El organismo se defiende frente a proteínas extrañas y microorganismos infecciosos con un sistema complejo doble que depende del reconocimiento de una zona en la estructura de la superficie o patrón superficial del invasor. Las dos partes del sistema son la inmunidad celular, en la que los mediadores son los linfocitos, y la inmunidad humoral, basada en la acción de moléculas de anticuerpos.
Cuando los linfocitos reconocen un patrón molecular extraño (denominado antígeno), algunos liberan anticuerpos en grandes cantidades y otros memorizan dicho patrón para liberar anticuerpos en el futuro, en el caso de que la molécula reaparezca. Los anticuerpos se unen a los antígenos y de esta forma los marcan para que otros agentes del sistema inmunitario los reconozcan y destruyan. Estos agentes son: el complemento, un sistema enzimático que destruye las células extrañas, y los fagocitos, unas células que rodean y digieren los cuerpos extraños. Éstos son atraídos a la zona por sustancias químicas liberadas por los linfocitos activados.

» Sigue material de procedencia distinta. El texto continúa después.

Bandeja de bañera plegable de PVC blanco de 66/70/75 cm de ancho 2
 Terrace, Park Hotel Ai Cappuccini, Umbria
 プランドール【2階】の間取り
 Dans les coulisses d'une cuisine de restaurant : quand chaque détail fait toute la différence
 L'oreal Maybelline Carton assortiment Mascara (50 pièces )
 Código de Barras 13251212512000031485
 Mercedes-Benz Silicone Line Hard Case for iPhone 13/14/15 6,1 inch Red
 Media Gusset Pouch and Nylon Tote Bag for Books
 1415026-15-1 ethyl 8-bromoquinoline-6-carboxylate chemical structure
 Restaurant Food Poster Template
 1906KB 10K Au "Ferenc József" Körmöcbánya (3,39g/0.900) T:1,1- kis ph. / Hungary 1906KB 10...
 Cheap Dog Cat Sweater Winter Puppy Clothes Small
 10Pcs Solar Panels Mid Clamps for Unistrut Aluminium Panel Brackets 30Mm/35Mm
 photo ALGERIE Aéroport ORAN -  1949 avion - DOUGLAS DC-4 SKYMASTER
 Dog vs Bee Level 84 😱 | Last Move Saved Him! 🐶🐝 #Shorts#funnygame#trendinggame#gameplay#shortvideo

Los linfocitos se originan en la médula ósea y maduran y se diferencian en el timo y el bazo. Circulan en el torrente sanguíneo, atravesando las paredes de los capilares sanguíneos para alcanzar las células de los tejidos. Desde allí emigran hacia una red de capilares linfáticos independientes que es comparable y casi tan extensa como la del aparato circulatorio. Estos capilares se unen para formar vasos cada vez mayores que desembocan en el torrente venoso; las válvulas de los vasos linfáticos aseguran el flujo en una dirección. En diversos puntos de la red linfática existen nódulos, o ganglios, que actúan como estaciones donde se agrupan y fabrican linfocitos, y que aumentan de tamaño durante las enfermedades infecciosas. La red de vasos y ganglios linfáticos recibe el nombre de sistema linfático y hasta la década de 1960 no se estableció su función como vehículo del sistema inmunológico.